For 21st century Christians the danger is different. Unbiblical practices and doctrines have crept into the church, even the evangelical church, while church leaders have slept. Even worse, some have embraced the changes. Examples follow.
Some have perverted the gospel message into “therapeutic, moralistic deism,” as critics have termed it. Certain preachers and television ministries proclaim that God wants to heal your anxieties, feelings of inadequacy, and unhappiness. God wants you happy; he wants you to feel good about yourself and your abilities and potential. Sin? We can talk about that some other time if you insist. We call on God when we need or want something; we ignore him the rest of the time. God is our cosmic servant, ever ready to satisfy our wants. Sure, he wants us to be kind and loving, but that’s his desire, not a command with consequences.

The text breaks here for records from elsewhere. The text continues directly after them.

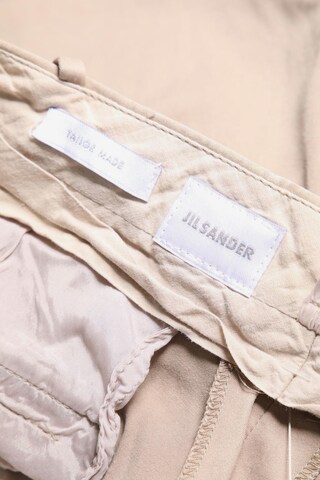 JIL SANDER Pants in XXS in Beige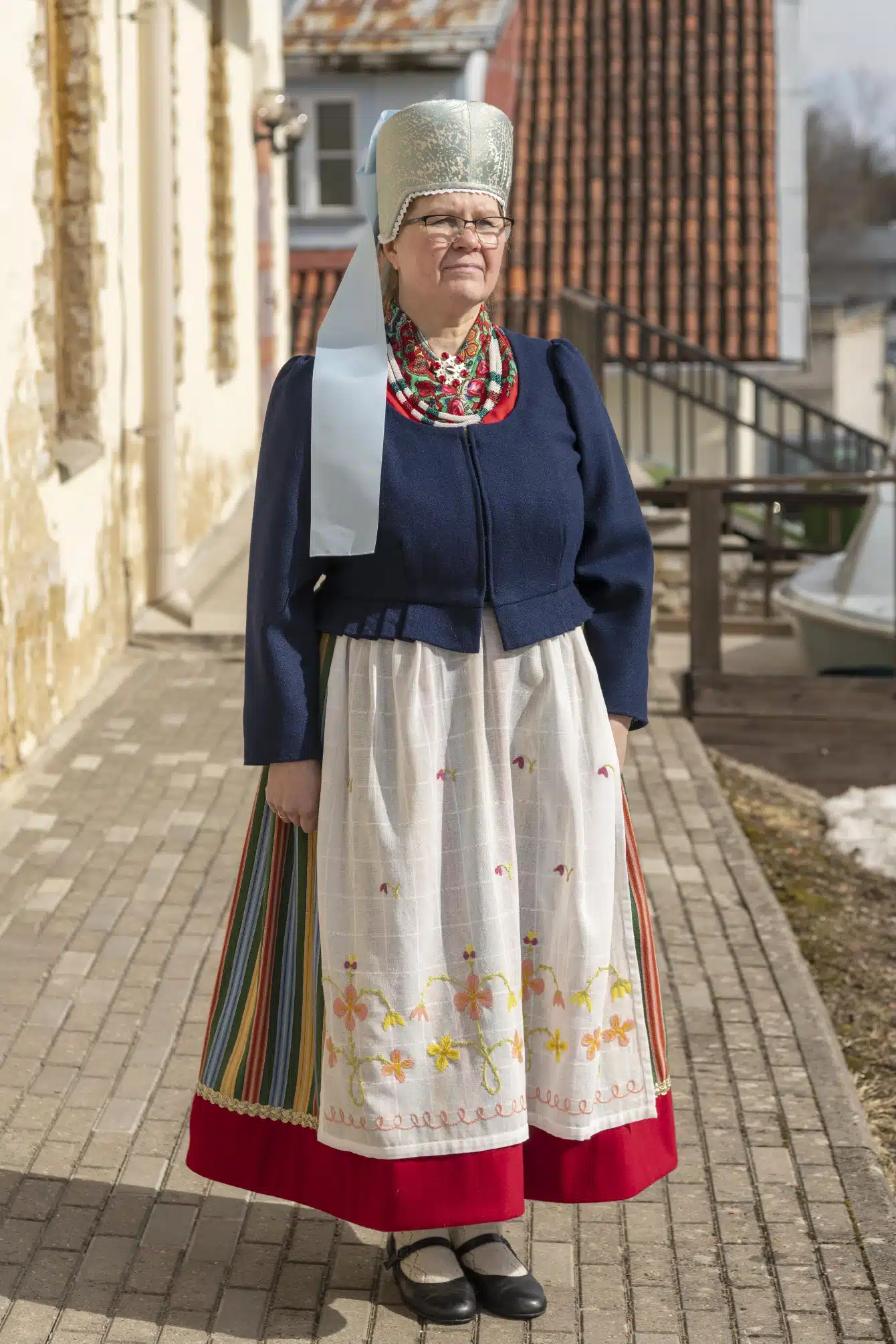 Kadrina naise rahvarõivad, 19. saj II pool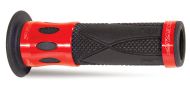 Мото ръкохватки PROGRIP Double Density 728 BK/RD ALU OPEN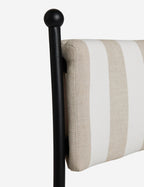 Luna Outdoor Dining Chair | Custom Cushions for Personalized Comfort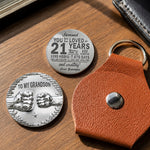 16Th 18Th 21St Birthday Celebrating Gift Son Daughter Grandson - Personalized Pocket Hug 1
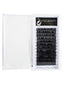 Matte Flat eyelashes Ellipse 0.18 C curl mix tray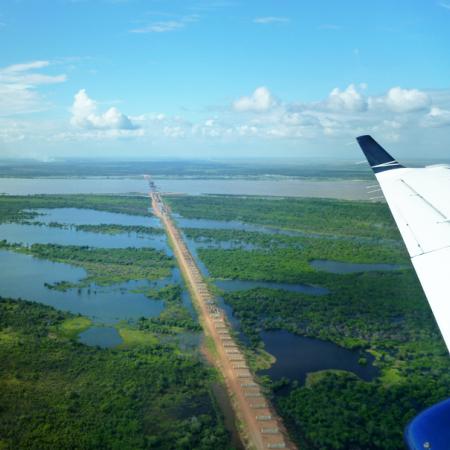 Híd az Orinoco No folyó felett, Venezuela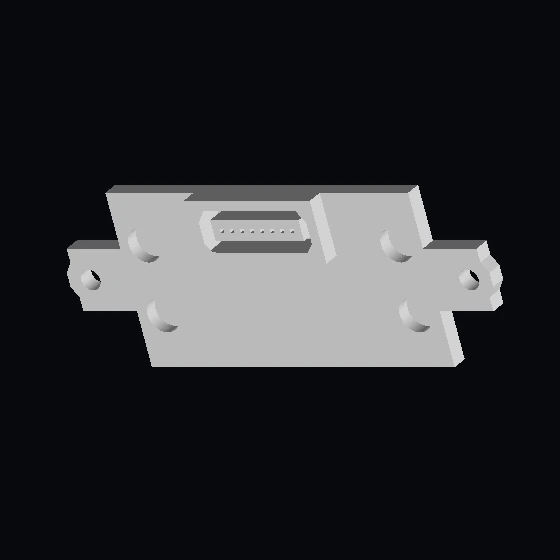 Задняя крышка датчика расстояния с электроприводом (u9469) (19799)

The Bible’s demands for a holy life have been perverted into a message that says “love, as we personally and subjectively understand love, is the only rule. If two people love each other, anything they do together is permissible, whether or not those two people are married, whether or not they are of the same or different sexes. Just be sure you don’t hurt the other person. The coming judgment is never, never mentioned; that would be too negative. Moreover, God is love and would never send anyone to hell.
These changes are not a recent thing; they have been creeping into the church for a century or so. As a song from the 1950’s put it, “Though it makes Him sad to see the way we live, He’ll always say, ‘I forgive’.” That same decade saw Norman Vincent Peale, a minister, television preacher and author, rocket to popularity by preaching “the power of positive thinking.”
In my observation, a majority of ministers have not confronted this false gospel the way the apostle Paul confronted the false gospel that had crept into the churches of Galatia (Galatians 1:6-10). Perhaps, like the bishops in Luther’s day, ministers of the 20th and 21st centuries have been sleeping.